The issue of polluted groundwater in China has once again bubbled to the surface. Such rising concern follows in the wake of a report claiming that only 22 percent of underground water in the densely populated North China Plain qualifies as drinking water.
In February, claims washed over social media sites that tainted water from paper mills and chemical works in Weifang, Shandong province, was being pumped underground, thus polluting groundwater sources.
However, experts and officials said the problem can only be solved by greater investment in monitoring systems, stricter laws and an upgrading of outdated quality standards that have not been amended for more than 20 years.
Many experts pinpointed a lack of monitoring sites and their inadequate facilities as one of the key factors hindering the government's efforts to tackle groundwater pollution.
"Out of fewer than 25,000 monitoring sites managed by all levels of the water resources departments, only about 10 percent are equipped with facilities to test water quality, while the rest can only monitor water quantity," said Chen Ming, head of the water resources department at the Ministry of Water Resources.
Only about 40 percent of China's groundwater qualifies as a source for drinking water, according to the Environmental Protection Ministry's 2012 Environmental Conditions Report, published on June 4, which examined 5,000 pockets of groundwater in 198 cities.
The number of qualified sources was much lower on the plains, and fell to around one-fifth on the North China Plain, which includes the provinces of Henan, Shanxi, Hebei and Shandong, plus the municipalities of Beijing and Tianjin.

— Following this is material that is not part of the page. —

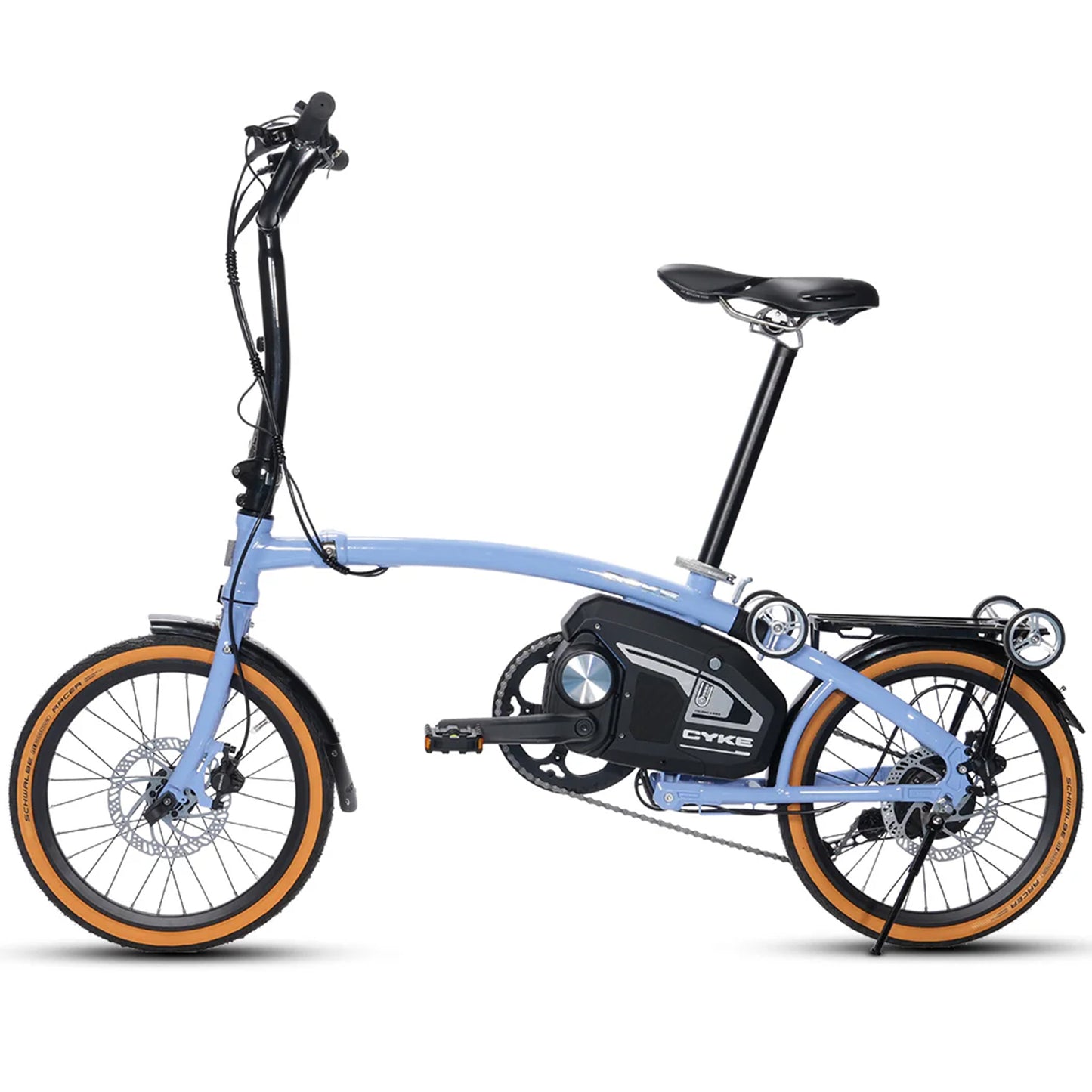 CYKE Kingfisher Mid-Drive Folding Electric Bike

"It's not that the government has ignored pollution in the past," said Chen. "The reason for the sharp contrast is that pollution has only emerged as a problem in the past 30 years, as a result of the country's rapid development."
He said recharge - polluted surface water that sinks into the ground - is a major cause of groundwater pollution, because most of the exploitable groundwater is connected to surface water.
The major sources of pollution include urban domestic refuse, leaks from industrial pipelines, the illegal discharge of sewage, and the widespread use of pesticides and fertilizers.
The discharge of untreated industrial sewage nationwide reached almost 16 billion metric tons in 2009, but wasn't included in the official data, according to research conducted by Ma Zhong, head of the School of Environment and Natural Resources at Renmin University of China.
Ma suspects that at least part of the untreated sewage has been dumped underground.
In addition to the inadequate facilities at many monitoring stations, there simply aren't enough of them.
"During the 1970s and 1980s, groundwater was still untainted in many regions because of limited human activity. There was no large-scale exploitation of groundwater. Therefore, only a small number of monitoring stations were required for groundwater resource investigation and assessment," said Gao Cunrong, director of the department of groundwater monitoring at the China Institute of Geological Environmental Monitoring.
More than 20,000 national-level monitoring stations will be built or upgraded in 31 provinces by the Ministries of Water Resources and Land and Resources, and more than 50 percent of those stations will be equipped with facilities to test water quality, Chen said, without giving a completion date for the project.